エグバードは静かに炎を燃やすクローディアに、一抹の不安を覚えながらも、話を続ける。

「……決して傷つかぬ魔は、聖賢の左腕でなければ滅ぼすことはできない。この魔が再びこの世に降り立つとき、世は肉の海に呑まれ、再び荒廃の道を辿るであろう。人々は苦しみに喘ぎ、やがて錻力の兵に縋るであろう。世のすべてが真紅の落日に傅くまで、人々の苦しみの喘ぎは決して途絶えぬことを心せよ」

「おじいさま、そのお話は……」

「予言書に語られることは、世の行く末を悲観したものが多いという。我らに伝えられている予言も、それを暗示したものだ」

「で、ですがいまの内容では、聖賢が魔人を滅ぼすことを示唆したもののようには聞こえませんが」

「そうだ。この予言は、世の滅びを示唆するものなのだ」

「では先ほどは一体なぜ、聖賢が再びこの世に降り立つなどとおっしゃられたのですか?」

「…………」

ふいに黙り込んだエグバードに、クローディアは動揺を隠せない。

「お、おじいさま?」

「これは私の、いや我ら一族の願いだ。いつかこれを、聖賢様が滅ぼしてくださるだろうというな」

クローディアは思う。

いまエグバードが口にした言葉は、これから起こり得るであろう現実を受け入れたくないがために、自分を誤魔化しているようなものなのではないのかと。

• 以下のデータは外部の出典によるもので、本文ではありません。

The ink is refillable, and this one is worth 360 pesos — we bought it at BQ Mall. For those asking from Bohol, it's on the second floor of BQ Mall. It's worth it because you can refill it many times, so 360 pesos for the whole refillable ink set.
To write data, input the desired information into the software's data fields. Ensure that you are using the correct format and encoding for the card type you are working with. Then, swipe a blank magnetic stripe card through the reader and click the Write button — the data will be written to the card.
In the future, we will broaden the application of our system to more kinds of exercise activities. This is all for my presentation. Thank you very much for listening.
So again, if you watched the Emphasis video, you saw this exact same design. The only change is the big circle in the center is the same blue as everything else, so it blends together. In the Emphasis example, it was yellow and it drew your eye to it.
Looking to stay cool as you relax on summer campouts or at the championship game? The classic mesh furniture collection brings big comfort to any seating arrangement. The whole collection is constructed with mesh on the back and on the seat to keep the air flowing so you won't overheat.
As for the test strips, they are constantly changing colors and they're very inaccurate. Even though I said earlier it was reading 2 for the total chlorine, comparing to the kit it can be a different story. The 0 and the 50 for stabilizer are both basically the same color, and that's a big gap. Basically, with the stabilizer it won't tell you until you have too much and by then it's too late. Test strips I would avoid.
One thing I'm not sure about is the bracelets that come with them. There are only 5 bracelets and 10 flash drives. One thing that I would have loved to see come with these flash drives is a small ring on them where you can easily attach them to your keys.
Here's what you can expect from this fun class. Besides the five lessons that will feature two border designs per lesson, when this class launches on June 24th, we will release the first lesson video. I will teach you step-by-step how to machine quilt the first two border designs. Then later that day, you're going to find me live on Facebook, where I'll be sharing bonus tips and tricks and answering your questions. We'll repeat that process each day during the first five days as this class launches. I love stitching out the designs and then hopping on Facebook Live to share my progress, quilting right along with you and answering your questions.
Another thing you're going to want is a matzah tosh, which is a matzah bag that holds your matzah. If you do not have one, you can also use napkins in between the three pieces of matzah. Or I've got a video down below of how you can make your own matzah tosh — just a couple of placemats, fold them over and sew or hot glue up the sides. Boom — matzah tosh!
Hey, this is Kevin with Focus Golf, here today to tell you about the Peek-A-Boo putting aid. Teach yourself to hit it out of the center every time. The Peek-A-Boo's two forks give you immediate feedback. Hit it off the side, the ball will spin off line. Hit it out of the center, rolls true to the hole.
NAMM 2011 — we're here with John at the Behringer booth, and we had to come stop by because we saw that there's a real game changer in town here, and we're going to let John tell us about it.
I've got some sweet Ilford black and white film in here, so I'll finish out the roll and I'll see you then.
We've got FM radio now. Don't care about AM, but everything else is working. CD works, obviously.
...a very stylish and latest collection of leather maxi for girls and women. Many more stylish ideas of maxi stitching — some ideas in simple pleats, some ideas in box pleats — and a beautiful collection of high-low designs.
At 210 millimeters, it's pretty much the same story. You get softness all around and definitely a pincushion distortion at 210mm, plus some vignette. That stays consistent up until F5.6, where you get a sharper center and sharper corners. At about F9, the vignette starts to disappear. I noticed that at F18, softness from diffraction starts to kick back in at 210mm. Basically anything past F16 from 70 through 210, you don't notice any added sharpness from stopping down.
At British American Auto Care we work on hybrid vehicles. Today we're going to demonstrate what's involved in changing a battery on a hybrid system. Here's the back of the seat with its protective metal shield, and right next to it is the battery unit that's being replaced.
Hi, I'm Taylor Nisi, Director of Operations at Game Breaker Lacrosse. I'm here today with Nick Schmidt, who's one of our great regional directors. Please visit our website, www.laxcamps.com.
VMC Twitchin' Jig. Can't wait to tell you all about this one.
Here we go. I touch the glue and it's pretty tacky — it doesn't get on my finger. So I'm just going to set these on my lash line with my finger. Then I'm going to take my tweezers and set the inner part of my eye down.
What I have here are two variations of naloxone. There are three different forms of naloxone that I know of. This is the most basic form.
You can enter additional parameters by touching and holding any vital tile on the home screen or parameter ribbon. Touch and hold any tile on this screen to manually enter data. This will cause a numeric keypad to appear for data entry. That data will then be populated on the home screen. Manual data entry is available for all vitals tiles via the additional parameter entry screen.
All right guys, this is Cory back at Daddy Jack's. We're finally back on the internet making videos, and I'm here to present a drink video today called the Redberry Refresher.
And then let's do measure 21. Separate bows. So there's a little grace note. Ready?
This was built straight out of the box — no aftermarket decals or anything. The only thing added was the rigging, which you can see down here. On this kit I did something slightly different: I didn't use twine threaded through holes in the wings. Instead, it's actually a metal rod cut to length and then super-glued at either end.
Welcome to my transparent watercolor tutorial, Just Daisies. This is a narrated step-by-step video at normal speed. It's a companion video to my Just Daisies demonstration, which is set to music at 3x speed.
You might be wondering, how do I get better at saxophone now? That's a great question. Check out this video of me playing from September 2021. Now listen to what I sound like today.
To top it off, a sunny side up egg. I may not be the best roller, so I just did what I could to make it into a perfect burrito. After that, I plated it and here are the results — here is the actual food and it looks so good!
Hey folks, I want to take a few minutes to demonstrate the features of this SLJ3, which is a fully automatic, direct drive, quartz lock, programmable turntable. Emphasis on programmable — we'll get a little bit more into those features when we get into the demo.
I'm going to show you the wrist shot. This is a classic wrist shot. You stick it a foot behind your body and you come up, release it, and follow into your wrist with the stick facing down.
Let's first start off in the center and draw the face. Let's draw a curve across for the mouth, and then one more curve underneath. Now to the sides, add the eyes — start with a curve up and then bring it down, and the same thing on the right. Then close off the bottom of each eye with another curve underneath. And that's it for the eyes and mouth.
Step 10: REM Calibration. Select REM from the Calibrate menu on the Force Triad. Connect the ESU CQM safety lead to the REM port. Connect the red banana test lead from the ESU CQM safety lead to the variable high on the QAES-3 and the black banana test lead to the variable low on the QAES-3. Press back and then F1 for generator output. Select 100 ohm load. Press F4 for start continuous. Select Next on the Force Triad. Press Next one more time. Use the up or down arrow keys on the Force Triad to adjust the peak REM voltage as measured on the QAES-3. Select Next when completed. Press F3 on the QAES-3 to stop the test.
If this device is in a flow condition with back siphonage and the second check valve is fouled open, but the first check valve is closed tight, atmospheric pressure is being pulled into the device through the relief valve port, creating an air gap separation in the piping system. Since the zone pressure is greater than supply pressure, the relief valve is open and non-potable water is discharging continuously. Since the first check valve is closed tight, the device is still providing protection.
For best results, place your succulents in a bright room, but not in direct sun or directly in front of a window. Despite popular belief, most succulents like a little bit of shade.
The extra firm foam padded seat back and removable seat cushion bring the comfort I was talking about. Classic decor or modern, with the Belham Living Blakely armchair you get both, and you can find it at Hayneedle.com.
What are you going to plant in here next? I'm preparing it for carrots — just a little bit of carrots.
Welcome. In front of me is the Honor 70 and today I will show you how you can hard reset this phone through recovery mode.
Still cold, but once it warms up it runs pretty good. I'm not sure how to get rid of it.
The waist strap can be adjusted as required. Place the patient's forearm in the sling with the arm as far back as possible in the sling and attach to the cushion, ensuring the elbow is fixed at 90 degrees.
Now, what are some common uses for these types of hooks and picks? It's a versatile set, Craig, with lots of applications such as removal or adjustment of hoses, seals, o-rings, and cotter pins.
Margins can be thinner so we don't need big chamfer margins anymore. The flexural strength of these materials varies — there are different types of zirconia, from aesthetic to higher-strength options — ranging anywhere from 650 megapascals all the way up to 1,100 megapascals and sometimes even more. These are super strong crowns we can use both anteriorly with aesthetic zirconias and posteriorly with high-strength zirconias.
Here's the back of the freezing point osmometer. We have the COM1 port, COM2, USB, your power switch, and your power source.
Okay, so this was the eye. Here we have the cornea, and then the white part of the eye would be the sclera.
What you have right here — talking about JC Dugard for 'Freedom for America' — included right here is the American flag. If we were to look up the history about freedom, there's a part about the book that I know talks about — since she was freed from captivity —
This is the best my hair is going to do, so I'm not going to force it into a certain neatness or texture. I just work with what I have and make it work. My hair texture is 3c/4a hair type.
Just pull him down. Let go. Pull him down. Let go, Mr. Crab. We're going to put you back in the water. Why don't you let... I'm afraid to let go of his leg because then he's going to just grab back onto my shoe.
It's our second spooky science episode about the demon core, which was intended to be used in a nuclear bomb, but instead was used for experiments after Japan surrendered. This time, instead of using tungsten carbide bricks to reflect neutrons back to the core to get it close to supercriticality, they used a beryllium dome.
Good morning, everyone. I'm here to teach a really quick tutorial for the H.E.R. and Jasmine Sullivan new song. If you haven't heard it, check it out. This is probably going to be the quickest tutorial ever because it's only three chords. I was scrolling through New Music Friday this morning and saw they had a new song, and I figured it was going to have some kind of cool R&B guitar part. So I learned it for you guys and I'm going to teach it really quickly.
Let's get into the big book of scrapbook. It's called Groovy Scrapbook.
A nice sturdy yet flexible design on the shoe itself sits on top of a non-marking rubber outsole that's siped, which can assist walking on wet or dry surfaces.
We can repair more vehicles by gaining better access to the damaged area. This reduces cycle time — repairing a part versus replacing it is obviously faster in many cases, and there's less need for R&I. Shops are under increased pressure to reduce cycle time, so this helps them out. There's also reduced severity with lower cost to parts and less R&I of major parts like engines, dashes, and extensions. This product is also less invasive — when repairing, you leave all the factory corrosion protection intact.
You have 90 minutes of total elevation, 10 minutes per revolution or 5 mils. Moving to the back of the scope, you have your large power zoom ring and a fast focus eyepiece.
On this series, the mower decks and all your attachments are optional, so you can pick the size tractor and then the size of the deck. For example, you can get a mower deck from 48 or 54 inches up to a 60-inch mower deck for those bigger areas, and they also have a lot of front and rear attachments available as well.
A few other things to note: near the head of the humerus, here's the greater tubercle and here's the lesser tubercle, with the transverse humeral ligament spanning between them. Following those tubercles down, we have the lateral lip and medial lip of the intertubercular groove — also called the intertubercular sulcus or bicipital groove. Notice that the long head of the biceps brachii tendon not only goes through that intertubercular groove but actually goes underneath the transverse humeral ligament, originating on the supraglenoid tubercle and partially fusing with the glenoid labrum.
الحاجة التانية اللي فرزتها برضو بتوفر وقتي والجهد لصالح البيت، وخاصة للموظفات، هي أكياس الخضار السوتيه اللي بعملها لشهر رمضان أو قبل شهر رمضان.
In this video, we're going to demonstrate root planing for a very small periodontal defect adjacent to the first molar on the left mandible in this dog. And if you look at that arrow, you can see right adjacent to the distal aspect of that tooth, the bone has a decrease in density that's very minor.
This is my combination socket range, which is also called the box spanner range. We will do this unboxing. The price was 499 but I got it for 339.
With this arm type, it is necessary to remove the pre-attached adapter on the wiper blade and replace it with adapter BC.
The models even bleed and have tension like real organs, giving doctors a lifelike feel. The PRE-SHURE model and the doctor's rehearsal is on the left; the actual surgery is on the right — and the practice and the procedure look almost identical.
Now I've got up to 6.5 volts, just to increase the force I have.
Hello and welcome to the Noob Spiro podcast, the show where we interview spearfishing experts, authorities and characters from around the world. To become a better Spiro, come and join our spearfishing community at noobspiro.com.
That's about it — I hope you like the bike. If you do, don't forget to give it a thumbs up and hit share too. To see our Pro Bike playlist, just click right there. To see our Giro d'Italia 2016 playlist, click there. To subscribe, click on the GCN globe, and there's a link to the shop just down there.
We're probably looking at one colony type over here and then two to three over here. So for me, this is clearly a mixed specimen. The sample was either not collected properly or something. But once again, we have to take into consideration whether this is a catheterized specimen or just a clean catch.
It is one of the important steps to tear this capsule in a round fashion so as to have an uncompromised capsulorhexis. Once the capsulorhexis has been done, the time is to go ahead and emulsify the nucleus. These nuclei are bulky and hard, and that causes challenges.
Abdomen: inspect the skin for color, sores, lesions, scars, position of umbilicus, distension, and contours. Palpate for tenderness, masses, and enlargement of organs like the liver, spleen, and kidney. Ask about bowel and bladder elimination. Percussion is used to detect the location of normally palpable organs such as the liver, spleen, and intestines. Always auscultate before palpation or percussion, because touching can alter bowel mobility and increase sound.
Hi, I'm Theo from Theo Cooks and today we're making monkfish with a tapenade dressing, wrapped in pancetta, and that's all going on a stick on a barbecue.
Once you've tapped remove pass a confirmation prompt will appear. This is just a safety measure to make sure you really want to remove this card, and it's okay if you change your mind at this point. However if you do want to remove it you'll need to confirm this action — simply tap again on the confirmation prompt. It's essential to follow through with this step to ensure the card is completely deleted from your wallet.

だが、無理もない。解決法は伝えられていないのだから。

だからこそ、自分たちがこれを必ず守り通さなければならない。

先ほどの言葉は、言外にそういう意図を含んでいるものでもあるのだろう。

「この予言が現実のものとならぬよう、封印は誰にも触れさせてはならぬ」

「はい」

その事実が、胸に火をともしたクローディアを、より奮起させた。

それが良い方に向かうにせよ、悪い方に向かうにせよ。